Profondément, The Bad and the Beautiful (le titre original, qui peut désigner aussi bien Shields que l’humain que le septième art) ne parle que de cinéma. Ce méta-film en montre les coulisses, la part d’ombre, les injustices, mais il l’évoque surtout comme une drogue puissamment addictive, dévorante et à laquelle il faut tout sacrifier. D’une certaine manière, on pense à l’idée balzacienne selon laquelle pour obtenir quelque chose, il faut le désirer au point de ne tenir compte de rien d’autre. Si Shields a réussi, c’est au prix de la solitude et du désert affectif ; ruiné au départ, il l’est à la fin ; mais, outre le fait qu’entre-temps il a réalisé des chefs-d’œuvre, on sent bien qu’il va recommencer, séduire, triompher, en un cercle infernal.

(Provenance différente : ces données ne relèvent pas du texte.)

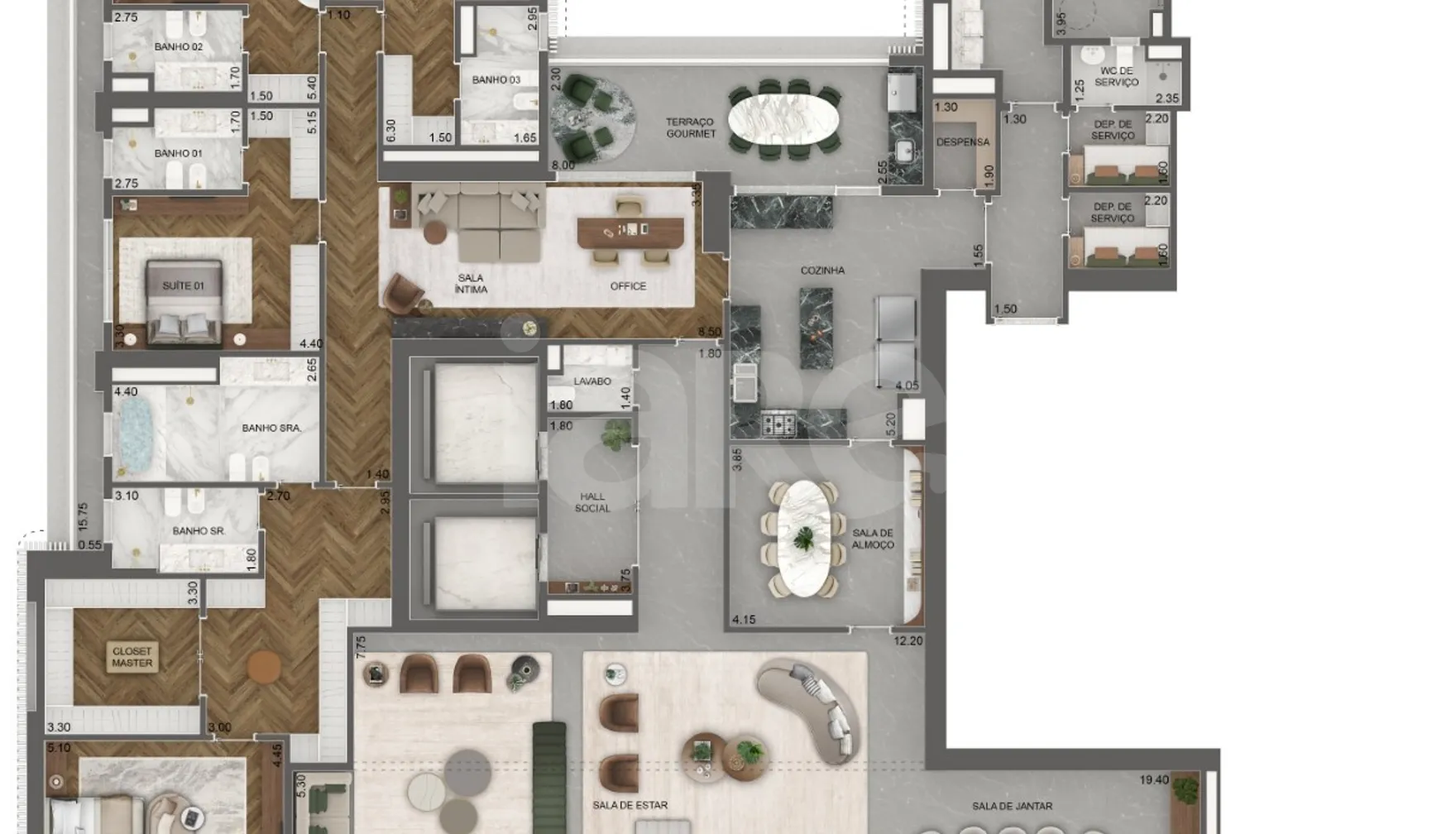 Planta — Apartamento 515 m²
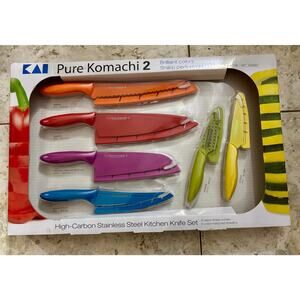 KAI Pure Komachi 2 Knives High Carbon Stainless Steel Kitchen 6 Razor Knives Set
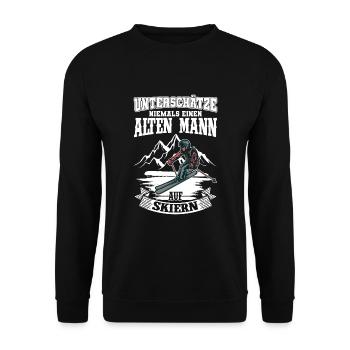 Unterschätze niemals einen alten Mann auf Skiern - Unisex Pullover - Schwarz - Vorne - Alina (178cm) & Michal (187cm)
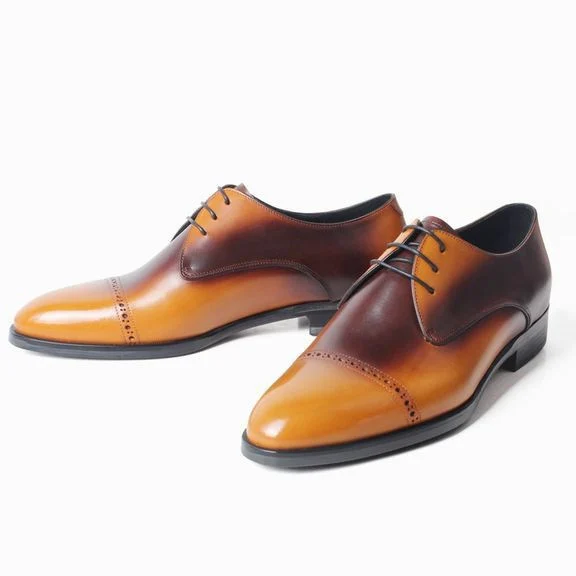 Men’s Patina Cow Leather Derby Shoes - Round Toe Formal Dress Shoes - Image 2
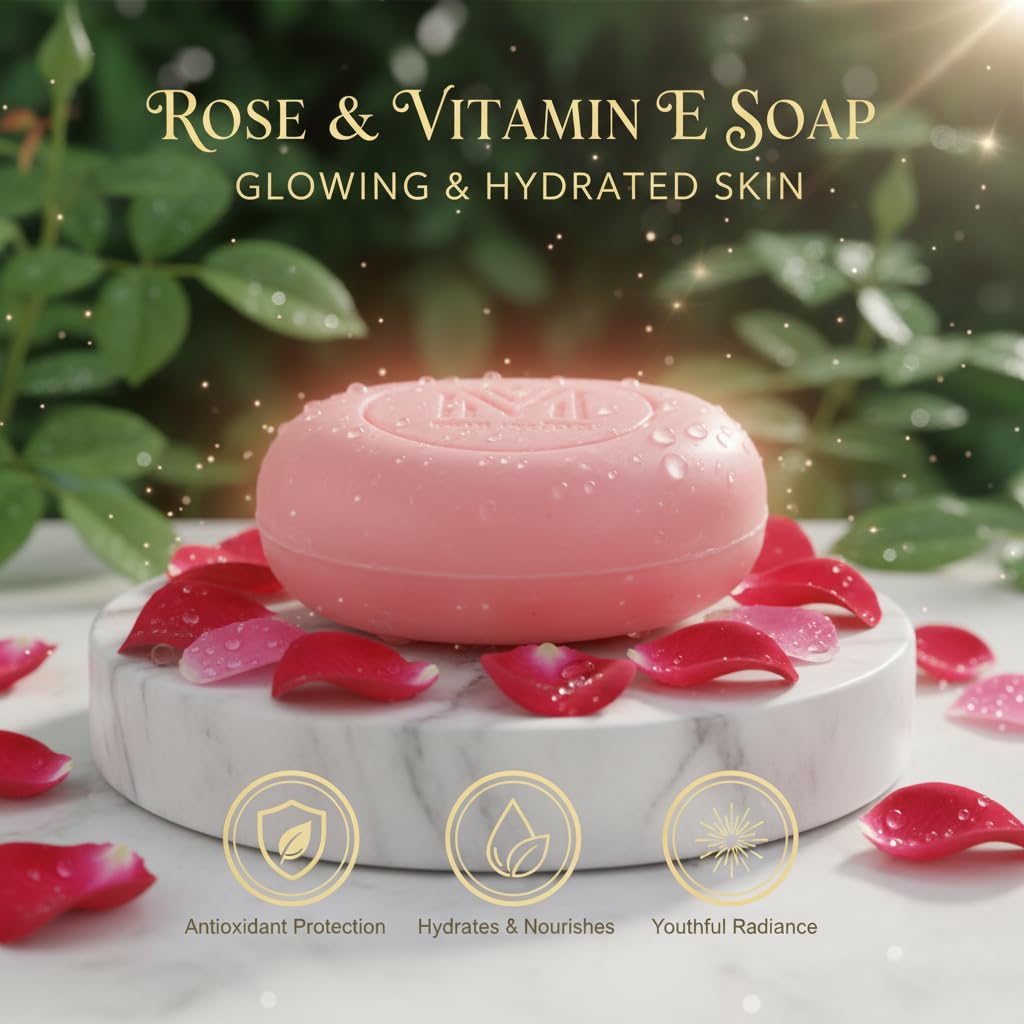 MDM Herbal Rose & Vitamin E Soap – 100g x 5 (Super Saver Pack – 500g) | Purifies, Exfoliates & Brightens Skin | Natural Rose Fragrance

Parallèlement, Minnelli dessine une manière d’art poétique en creux : Shields (double du réalisateur ?) « invente » la suggestion pour faire peur, dans une séquence célèbre où il doit tourner une série Z et qui ne peut qu’évoquer le travail de Tourneur. Suggérer, mais aussi élaguer, préférer l’image allusive à l’explicite, bref une assez belle idée du cinéma classique à son meilleur. Mais si le personnage échoue, c’est qu’il n’a pas tenu compte d’un impératif (un film n’est pas une suite de temps forts) et surtout qu’il a manqué d’humilité. La leçon est magnifique, subtile et étalée dans le film. Mais on est sceptique quant à savoir si elle correspond exactement à The Bad and the Beautiful. Ce qui ne l’empêche pas d’être l’un des meilleurs de son auteur, l’un des plus unanimement acclamés, et à juste titre. Kirk Douglas y est à son meilleur dans cette décennie prodigieuse pour lui (la même année, il tourne La captive aux yeux clairs, puis ce sera entre autres L’homme qui n’a pas d’étoile, La rivière de nos amours, La vie passionnée de Vincent van Gogh ou Les sentiers de la gloire !), tour à tour charmeur ou ignoble avec la même conviction. Mais c’est l’ensemble de la distribution qui charpente ce chef-d’œuvre intemporel, beau, puissant, profond et émouvant. L’avoir vu un nombre incalculable de fois n’en limite jamais le charme.